Caros, ninguém em São Paulo pode deixar de passar na maravilhosa mostra montada no Museu da Língua Portuguesa, sobre Fernando Pessoa, o poeta, que dispensa qualquer apresentação. Pessoa era homossexual, embora a era em que viveu, e as cidades que frequentou não lhe permitissem qualquer exposição. Tivesse vivido em Paris, teria mais liberdade, como tiveram Proust, Gide, Verlaine, Rimbaud, etc. Mas Lisboa era mais conservadora, e o grande poeta não tinha, ao que se sabe, grandes chances de dar suas escapadas. Juram alguns de seus biógrafos, que os bares de cais do porto de Lisboa, como em qualquer porto do mundo, ofereciam sempre oportunidades de, em troca de algumas moedas, saciar desejos escusos, mas, de tão escusos, teriam ficado bem ocultos e nunca expostos.

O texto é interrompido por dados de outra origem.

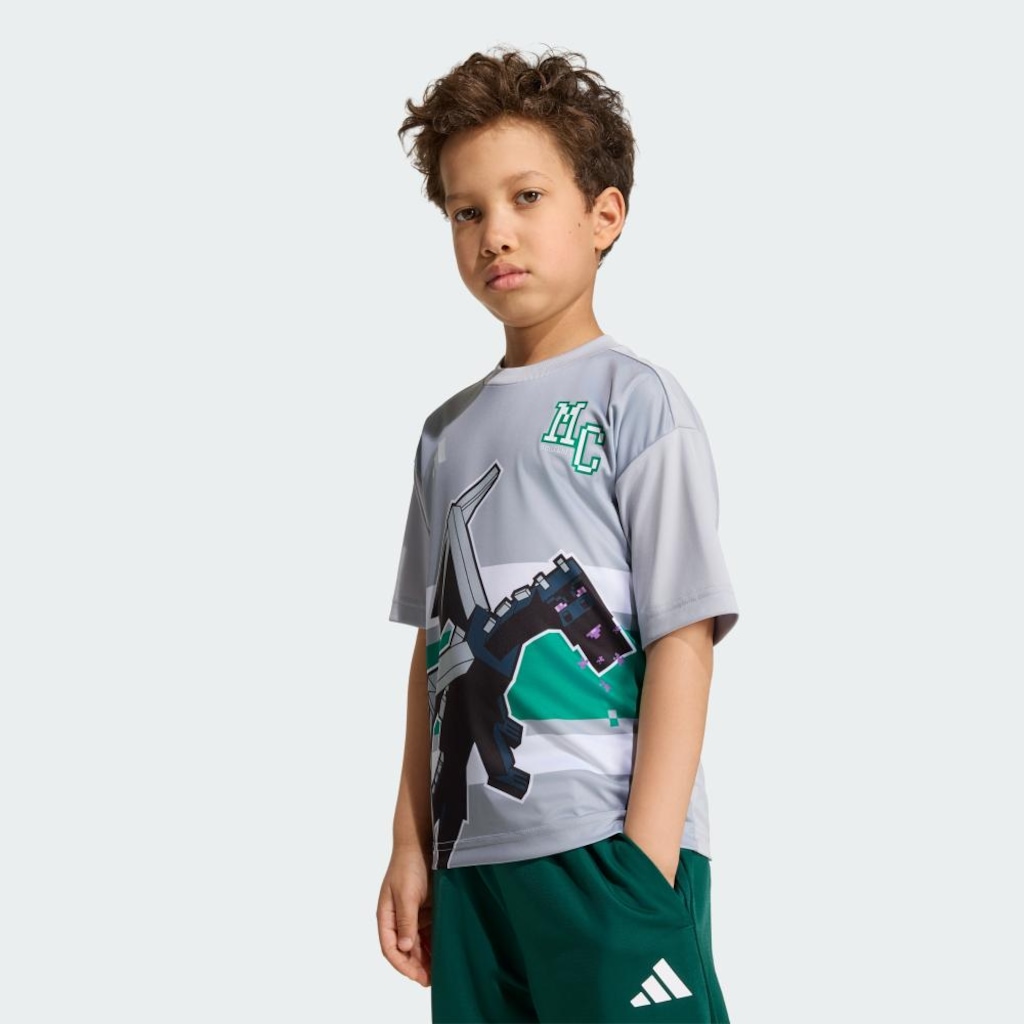 Imagem 3 do produto Camiseta adidas Minecraft Infantil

O fato é que Pessoa era hábil em de esconder atrás de heterônimos, personagens por ele criados, a quem atribuía parte de sua obra, e pouquíssimo deixa transparecer em seus versos sobre personagens masculinos. Pessoa assumiu publicamente as personalidades de Alberto Caeiro, Álvaro de Campos e Ricardo Reis, e utilizava as múltiplas personalidades para questões menores, como escapar a atrasos rotineiros, ou ousar aqui e ali em frases de seus textos. Na verdade, sua sexualidade pouca importância teria, se considerado o relevo de sua obra – trata-se de um dos maiores poetas da língua portuguesa de todos os tempos, equiparável, sim, a Luís de Camões, a ponto de ter sido enterrado no mesmo templo sagrado da cultura portuguesa, o deslumbrante Mosteiro dos Jerónimos, em Lisboa.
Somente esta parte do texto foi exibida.